New Age snake oil is a bigger threat to scientific literacy than Christianity

The Barnes & Noble on the Upper West Side near my shrink's office has a big and deep science section, as you'd expect from its scholarly environs. It's an ongoing project of mine to see which books by crackpots or intelligent design apologists occasionally get misfiled there. Today while shopping for Lee Smolin, I spotted The Akashic Field by Ervin Laszlo. At a casual glance, you might think this book was about physics or something. It has a computer graphic of warped gridlines on the cover, and the text is full of references to Schrödinger and Dirac. The big tell is the blurb on the cover from Deepak Chopra. I have nothing against Deepak, he seems like a nice enough guy with a lot of useful advice about the value of present-moment body-centered awareness. But reading New Age authors on quantum mechanics is like getting fashion tips or relationship advice from physicists.

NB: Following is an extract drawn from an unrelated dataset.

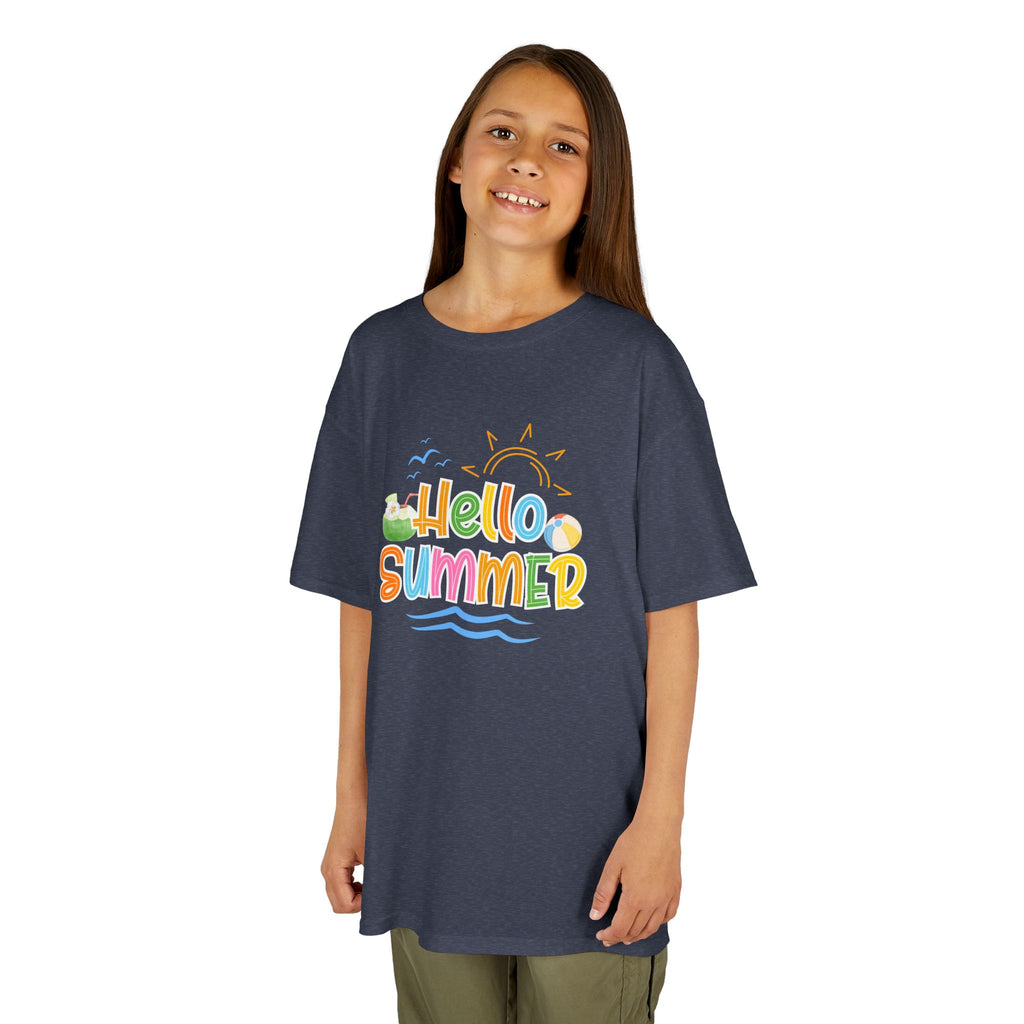 Hello Summer Kids T-Shirt | Colorful Beach Vibes Graphic Tee | Cute Summer Shirt for Boys & Girls | Beach Vacation Tee | Kids Summer Outfit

To really understand nature, you need to be free of wishful thinking. The New Age is founded on wishful thinking, for sound psychological reasons. A sense of specialness and purpose is adaptive, it's powerfully motivational, whether you get it from Deepak or L Ron Hubbard or the Bible or anywhere else. Science is adaptive for a society, but being a scientist is not necessarily adaptive for the scientist. The really good ones tend to be social pariahs, and there's no money in it. There are, however, endless buckets of money to be made with wishful thinking.

I think that New Age misreadings of ideas like the Uncertainty Principle are more dangerous than Intelligent Design. Skeptics and seekers of my acquaintance get turned off by ID when it inevitably reveals itself as a marketing scheme for the Bible. If you're not prepared to join the club, the Bible is a singularity, an intellectual dead end. Christianity and theistic faiths like it will always be with us, but their political power in America has been on the decline for a hundred years, and if we're lucky, George W Bush will be their last hurrah as a dominant power. Much more persistent will be magical thinking hiding in the considerable confusion surrounding things like big bang cosmology, neuroscience and evolution. Here I'm looking at authors like Deepak Chopra, films like What The Bleep Do We Know, the psychic and astrology industries, and all the other memes of the New Age.

What's especially annoying is when a smart guy like Gary Zukav starts in with the magical thinking. GZ wrote a mostly wonderful book called The Dancing Wu Li Masters that does as good a job as any text I've come across at conveying the essential qualities of quantum mechanics in prose. He draws metaphors from Buddhism that get directly at the heart of wave-particle duality and other affronts to our traditional Western modes of logic. Some of his prose is genuinely poetic:

We are a part of nature, and when we study nature, there is no way around the fact that nature is studying itself.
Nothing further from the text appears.